Pemerintah Pertimbangkan Meikarta Jadi Lokasi Rusun Subsidi

Menteri Perumahan dan Kawasan Permukiman (PKP) Maruarar Sirait memberi keterangan pers saat mengunjungi Meikarta. (Beritasatu.com/Meikarta)
INDOSBERITA.ID.JAKARTA – Menteri Perumahan dan Kawasan Permukiman (PKP) Maruarar Sirait mengungkapkan bahwa kawasan Meikarta menjadi salah satu alternatif lokasi yang tengah dikaji pemerintah untuk pembangunan rumah susun (rusun) subsidi di kawasan perkotaan. Wacana tersebut muncul setelah kementeriannya menghimpun data ketersediaan lahan dari Perumnas serta sejumlah pengembang swasta.
Maruarar, yang akrab disapa Ara, menyampaikan bahwa hasil pemetaan lahan menunjukkan beberapa titik potensial di wilayah perkotaan, termasuk Meikarta. Menurutnya, langkah ini merupakan bagian dari upaya pemerintah memperluas akses hunian layak dan terjangkau bagi masyarakat berpenghasilan rendah di kota-kota besar.

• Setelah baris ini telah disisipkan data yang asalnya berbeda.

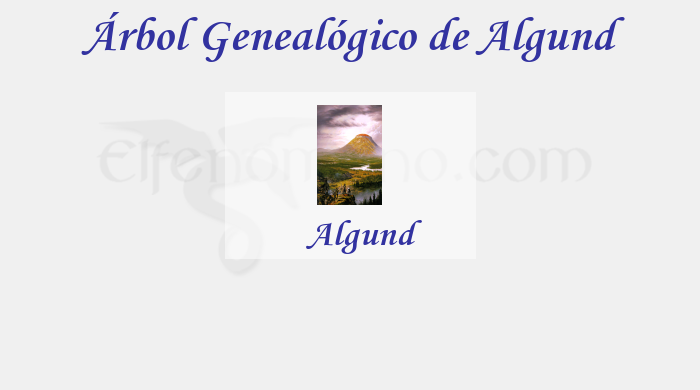 Árbol Genealógico de Algund - Fenopaedia: la enciclopedia Tolkien de Elfenomeno.com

Ara menambahkan, pembahasan terkait rencana tersebut akan dilanjutkan dengan mengundang para pengembang rusun subsidi dan pemangku kepentingan lainnya. Pertemuan lanjutan dijadwalkan berlangsung di kantor Kementerian PKP pada Rabu malam, 14 Januari 2026, untuk melihat sejauh mana kesiapan proyek di lokasi-lokasi yang diusulkan.

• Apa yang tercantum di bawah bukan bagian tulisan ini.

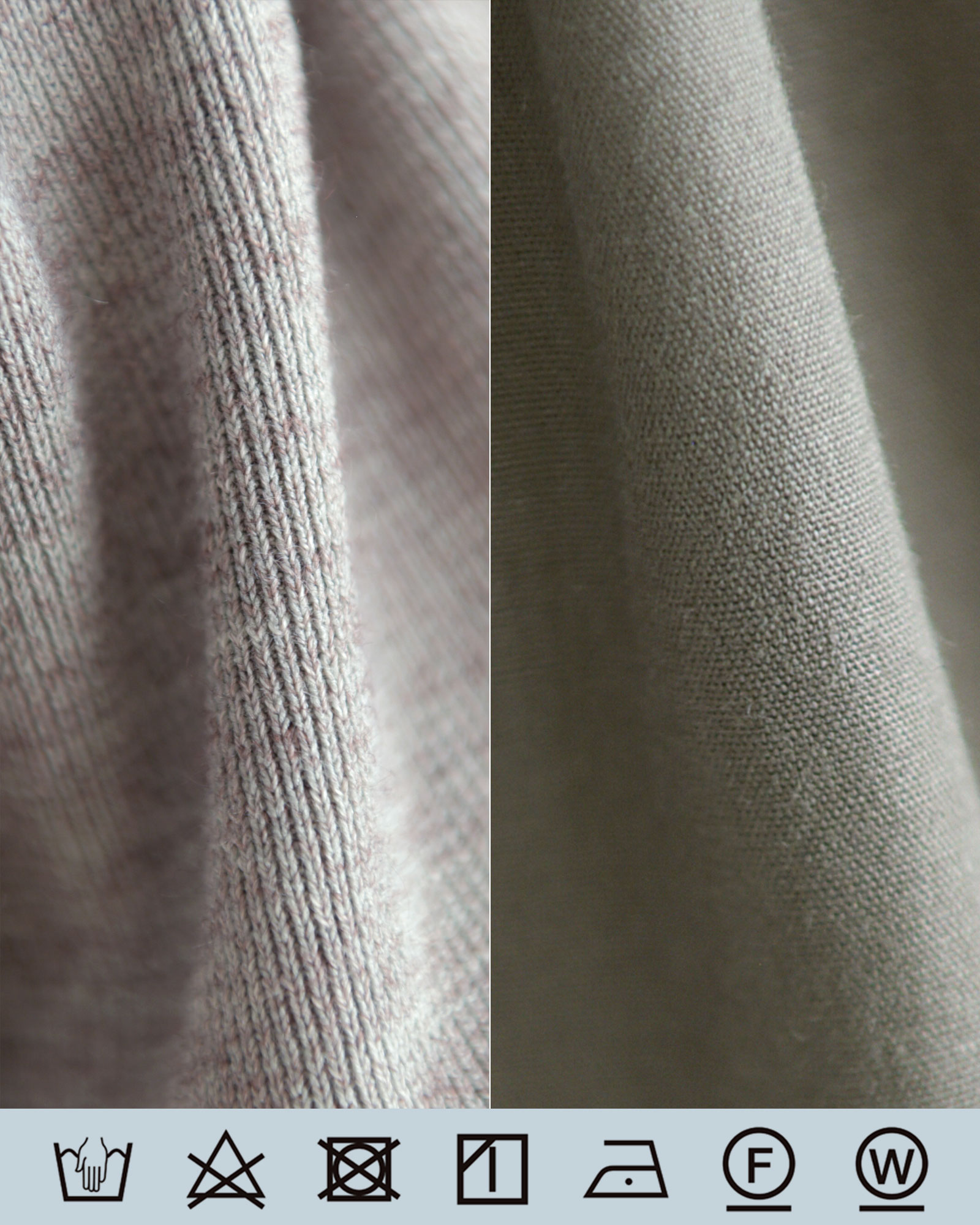 上質ニットとコットンスカートを贅沢に仕立てた大人のドッキングワンピース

Dalam rencana pembangunan hunian vertikal tersebut, Kementerian PKP menyiapkan dua skema utama, yakni rumah susun sederhana milik (rusunami) dan rumah susun sewa (rusunawa). Kedua konsep ini dinilai lebih realistis diterapkan di wilayah perkotaan yang memiliki keterbatasan lahan.

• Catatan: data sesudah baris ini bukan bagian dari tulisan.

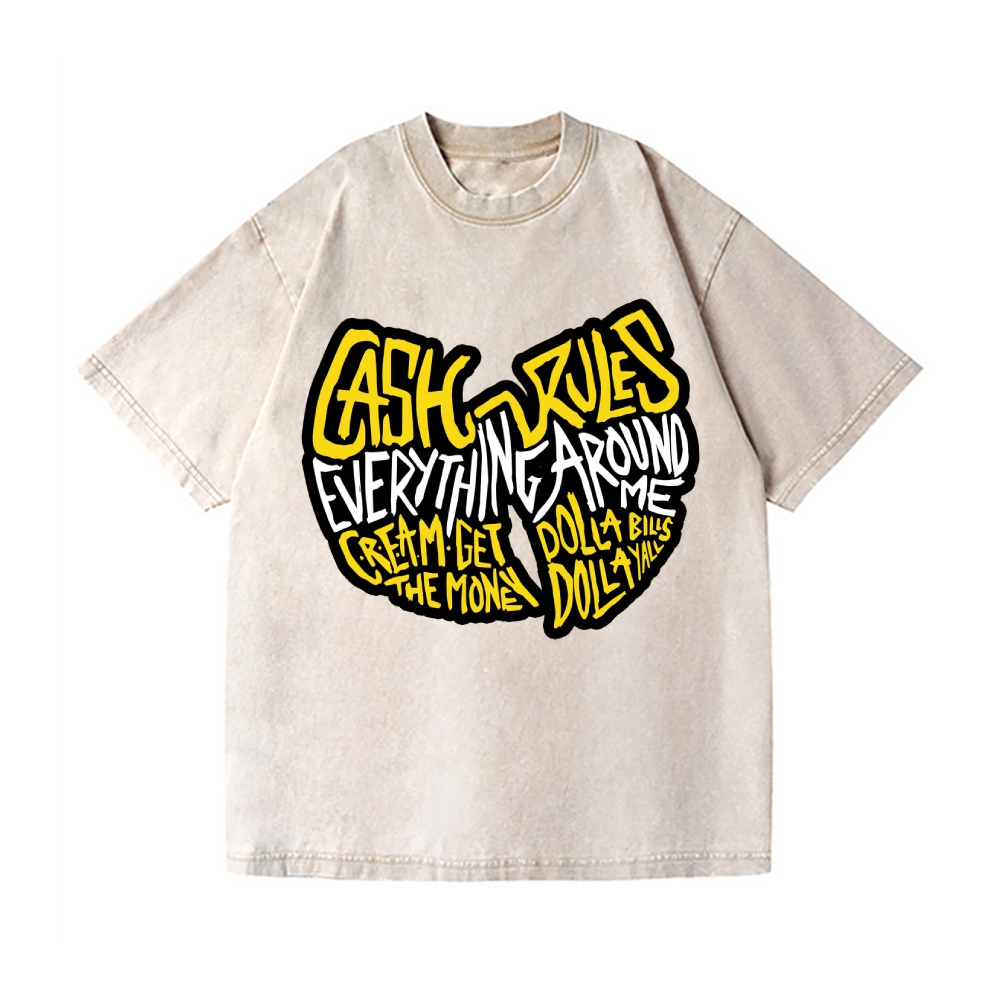 Wu Tang Clan Vintage Wash Japanese Design T-Shirt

Direktur Jenderal Perumahan Perkotaan Kementerian PKP, Sri Haryati, menjelaskan bahwa mahalnya harga tanah menjadi kendala utama pembangunan rumah tapak di kota. Karena itu, rusun subsidi dipandang sebagai solusi untuk memenuhi kebutuhan perumahan masyarakat urban.
Saat ini, pemerintah masih melakukan kajian mendalam terkait penerapan rusun subsidi, termasuk aspek pembiayaan melalui Fasilitas Likuiditas Pembiayaan Perumahan (FLPP). Seluruh konsep dan kebijakan tersebut akan difinalisasi bersama para pemangku kepentingan sebelum ditetapkan secara resmi melalui keputusan Menteri PKP.